Opinion
CASE NO. 590-CRD-1-87
FEBRUARY 23, 1989
The claimant was represented by Leo B. Flaherty, Esq., Flaherty, Merster Courtney.
The respondents were represented by Ralph Russo, Esq., Montstream May.
This Petition for Review from the April 16, 1987 Finding and Award of the Commissioner At Large acting for the First District was heard August 19, 1988 before a Compensation Review Division panel consisting of the Commission Chairman, John Arcudi, and Commissioners Andrew Denuzze A. Thomas White, Jr.
OPINION
Respondents seek to reverse the April 16, 1987 Finding and Award by the Commissioner at Large acting for the First District. They attack the ruling (#8) which orders them to execute a Voluntary Agreement signed by the Claimant April 29, 1986 and to pay the benefits listed in that unexecuted agreement. Claimant asks that the appeal be dismissed on grounds that the Respondents' brief was filed late.
The respondents' Reasons of Appeal additionally assigned the trial Commissioner's ruling denying its Motion to Correct as error. However, as the respondents have failed to address this issue in its brief filed July 14, 1988, we deem the issue as abandoned, Muha v. United Oil Co., 180 Conn. 720 (1980).
First, we consider claimant's argument. It is a matter of discretion whether to dismiss for such late filing, Maykut v. Plasko, 170 Conn. 310 (1976), Loomis v. Zoning Commission, 144 Conn. 743 (1957). Respondents' brief was filed July 14, 1988, 17 days late. However, oral argument was not until August 19. We do not ordinarily countenance failures to comply with briefing deadlines set by the C.R.D. However, claimant had sufficient time between the brief filing and oral 'argument, thirty-six days, to prepare oral argument and any responsive pleading. Therefore, we choose not to grant appellees' motion in this instance.

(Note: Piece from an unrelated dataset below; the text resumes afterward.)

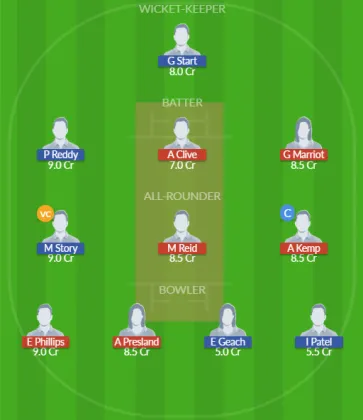 NOR-W vs GLO-W SL Team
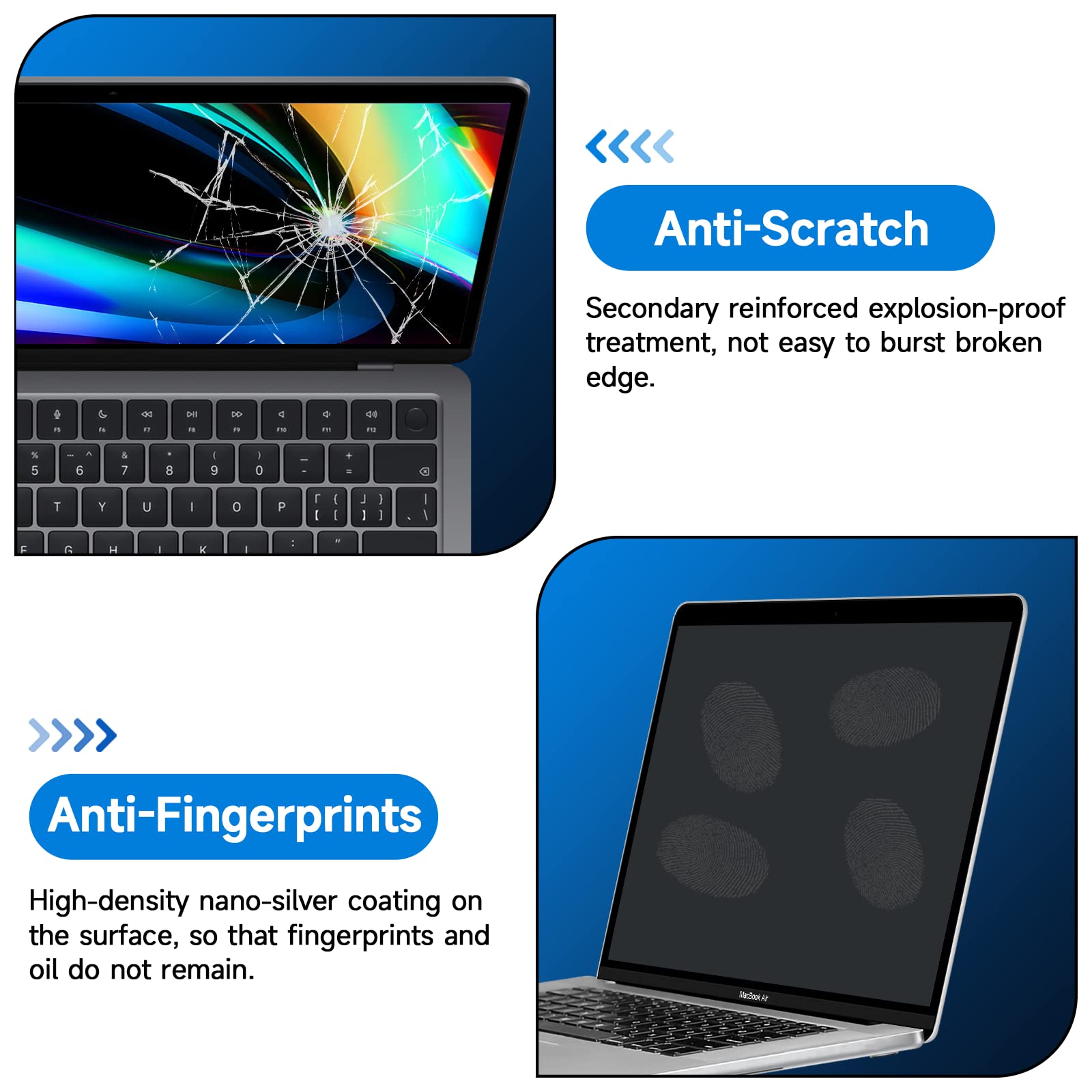 2 Pack Anti Glare Screen Protector Compatible With Macbook Pro 16 Inch 2019 Released With Touch Id & Touch Bar (A2141)   Anti Gl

With respect to the employer's appeal, Sec. 31-296, C.G.S. clearly contemplates that a Voluntary Agreement is a consensual undertaking requiring the approval of both parties before it becomes the type of document described in the statute. Such agreements under Connecticut law are in the nature of contracts. Without the consent of both participants, no contract can exist. The trial Commissioner nonetheless treated the unsigned form as a de facto contract. Chapter 568 contains no provision empowering a Commissioner to force a party to consent to a contract. As the statute grants no such authority to the Commissioner, we must sustain the appeal.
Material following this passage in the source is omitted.